Une première impression de quelque 320 000 exemplaires, un auteur absent des médias mais une presse dithyrambique… Sérotonine : on n’a plus que ce titre-là sur les lèvres dans les milieux très autorisés de la littérature française. Ma chronique ayant pour modeste ambition d’évoquer l’actualité littéraire, je ne pouvais pas passer à côté de ce bulldozer.

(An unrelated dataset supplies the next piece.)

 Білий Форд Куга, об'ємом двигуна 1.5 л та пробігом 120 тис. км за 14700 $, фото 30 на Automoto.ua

L’histoire : Florent-Claude Labrouste, ingénieur agronome de son état, traîne son mal de vivre et ses échecs sentimentaux, qu’il raconte dans le détail, avec ce qu’il faut de bravade, cela va sans dire. Il porte son regard désabusé sur un monde en crise, ayant perdu toute ambition d’agir : "l’idée qu’on ne peut de toute façon pas grand-chose à quoi que ce soit finissait tranquillement par s’imposer". Et il y a notamment des pages éprouvantes sur le mal-être des éleveurs de Normandie. On est bien dans l’univers Houllebecquien : déprimé, désespéré, pataugeant dans la névrose obsessionnelle d’un anti-héros. On pourrait croire que tout est foutu…

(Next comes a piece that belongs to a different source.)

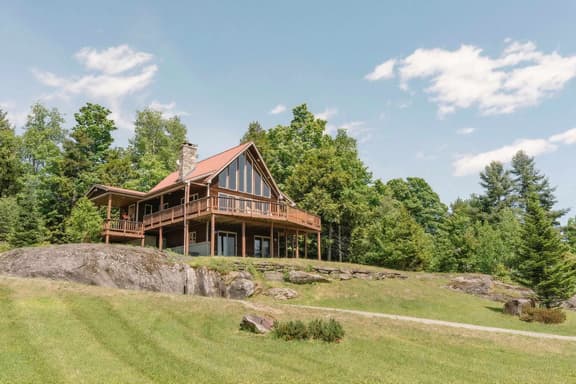 48 Highland Views - Image 1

On n’est pas surpris du climat dépressif d’un roman de Houellebecq…
C’est là qu’il faut lire entre les lignes, ou plutôt retrouver au détour d’une page un brin d’espoir : "j’ai connu le bonheur, je sais ce que c’est, je peux en parler avec compétence, et je connais aussi sa fin…", confesse le narrateur qui ajoute encore : "Le monde extérieur était dur, impitoyable aux faibles, il ne tenait presque jamais ses promesses, et l’amour restait la seule chose en laquelle on puisse encore, peut-être, avoir la foi". Il salue enfin "ces petites personnes admirables qui permettent le fonctionnement de la société dans une période globalement inhumaine et merdique". N’allez pas croire que le héros de Houellebecq ou l’auteur lui-même sont devenus de joyeux drilles, et je vous rassure : allergique au bonheur, le romancier tient à sa réputation sulfureuse… Il y a aussi des scènes obscènes, volontairement morbides et violentes.
Est-ce nécessaire au roman ? Houellebecq fascine aussi pour sa capacité à transgresser…

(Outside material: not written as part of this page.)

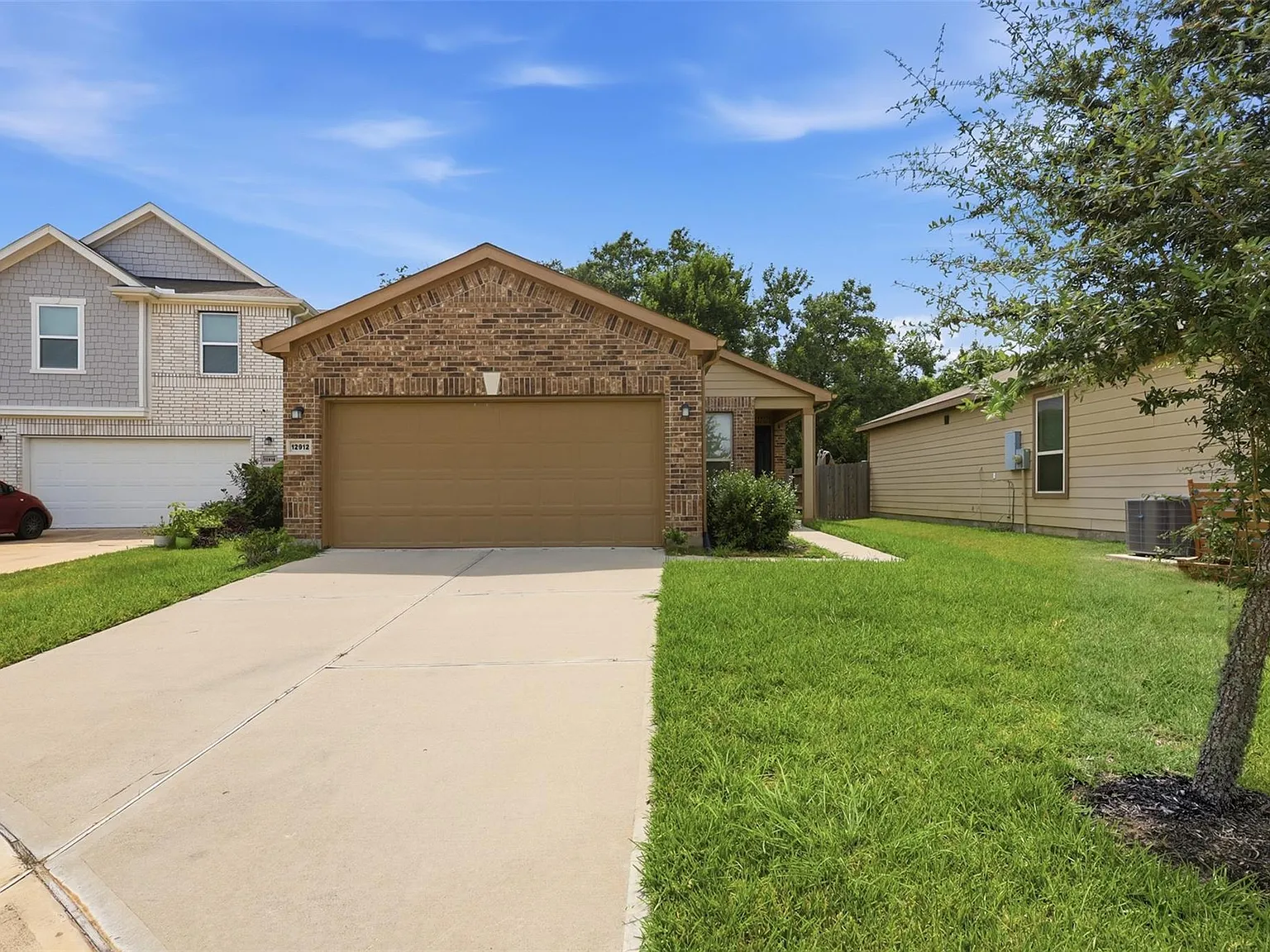 3 bed, 2.0 bath, 1368 sqft, $2,000 — Photo 2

Mettre une écriture talentueuse au service d’un art consommé de la provocation n’a pas selon moi grand intérêt. Mais c’est aussi la force de la littérature de pouvoir tout dire, tout aborder, au risque de choquer, vous voilà prévenu. Ce n’est pas le plus intéressant. Non, ce qui est touchant et aussi inquiétant, c’est la noirceur, l’absence de perspective du narrateur, qui se trouve "dénué de désirs comme de raisons de vivre", qui n’arrive pas à aimer, qui survit dans une chambre d’hôtel pour fumeurs. Un héros triste et désenchanté qui serait le portrait-type de nos contemporains, condamnés à la solitude. "Les hommes en général ne savent pas vivre, ils n’ont aucune vraie familiarité avec la vie, ils ne s’y sentent jamais tout à fait à leur aise". C’est sûr, la vie est dure, mais pas seulement. Et on souhaite à Houellebecq de ne pas trop ressembler à son personnage, même si ça fait partie de son plan com’.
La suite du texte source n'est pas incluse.